Things that inspire me

I’m up late (or early) with a coughing toddler, uncomfortable from a recent surgery and watching Cars for the billionth time.  Ice water, saltines and television were cure-alls in my childhood–that and a vaporizer which apparently breeds germs so you’re not supposed to use them  any more–so I deploy them indiscriminately to fevers, coughs and aches.

Anyway, now is the perfect time for my mind to wander to things that have been inspiring me lately!

1. My friend and webmaster Nadine at Fox and Toad Design.  Despite a fancy new job and a off-the-ironically-vintage-bicycle-chain hipster wedding in the works, she still has time to collect and tweet hilarious/adorable/awesome things all day long.  I consider her my personal tastemaker.

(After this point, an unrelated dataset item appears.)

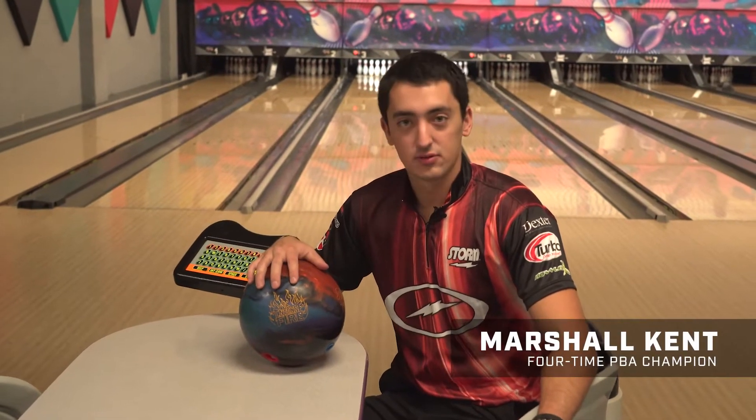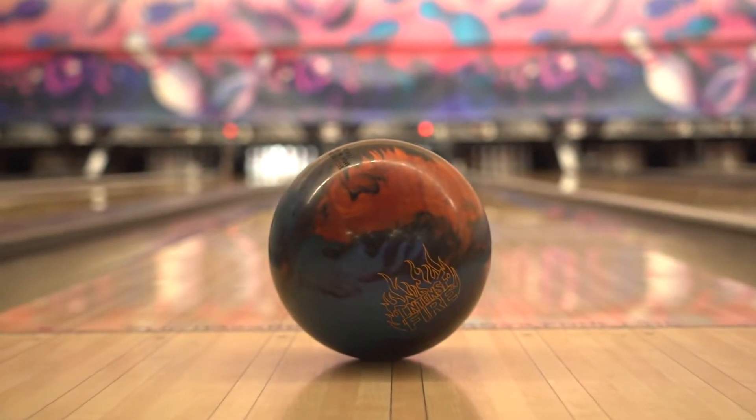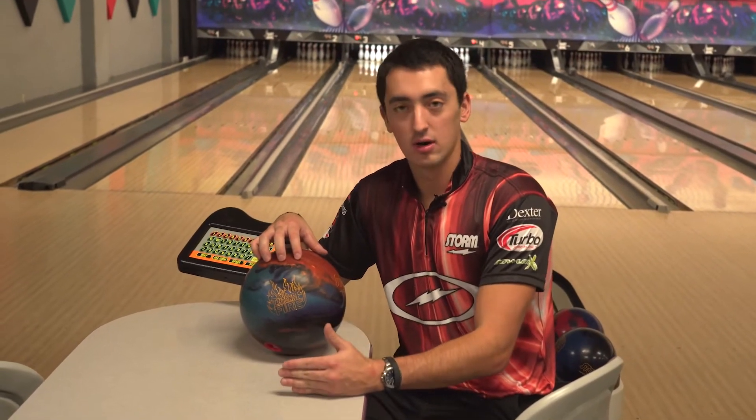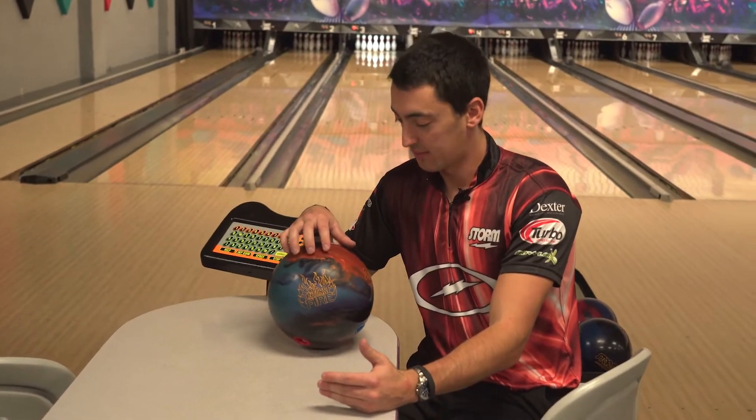I'm gonna talk about one of the latest releases from Storm, the Intense Fire. This is a ball that's found a spot in my bag pretty recently. It's got the hybrid cover on it, so I get to use it during the transition period — not necessarily to start, but maybe games two, three, four, and five before they start to get really burnt up.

2. Noblesse Oblige by Nancy Mitford.  I had to ILL this slim, battered volume because it’s out of print and tricky to find–it sells on Amazon for about $150 dollars now.  It’s this hilarious book of essays on class distinctions (U and non-U behavior and language) from the fifties.  The novel I’m writing features a group of people who deliberately made themselves into an aristocracy, and so I loved reading such an irreverent yet insightful take on the world’s most famous aristocracy.

3. America, the Story of Us.  It’s this History Channel series that was on last year, and I loved it then too.  I rediscovered it after spending a couple days in the hospital recovering from an emergency surgery, and being too groggy to read, it made perfect half-dozing watching.  What I love is the sense of scope and narrative, and the plain old optimism and pride that colors the series.  Landry Park takes place in a future America that is not so optimistic, so it’s nice to remember our roots, and how every time, our better natures eventually overcame our bad.

4. Lana Del Rey.  I’ve been listening to “Video Games” non-stop since I first saw a blurb about her in Entertainment Weekly.  Sexy, depressing, addicting.

5. The Pride and Prejudice soundtrack.  Dario Marionelli’s haunting piano pieces and lively dance tunes accompany Landry Park so well in some scenes that I’ll listen to them on repeat.  While Jennifer Ehle will always be the real Elizabeth Bennett for me, the Keira Knightly version by far has the best soundtrack.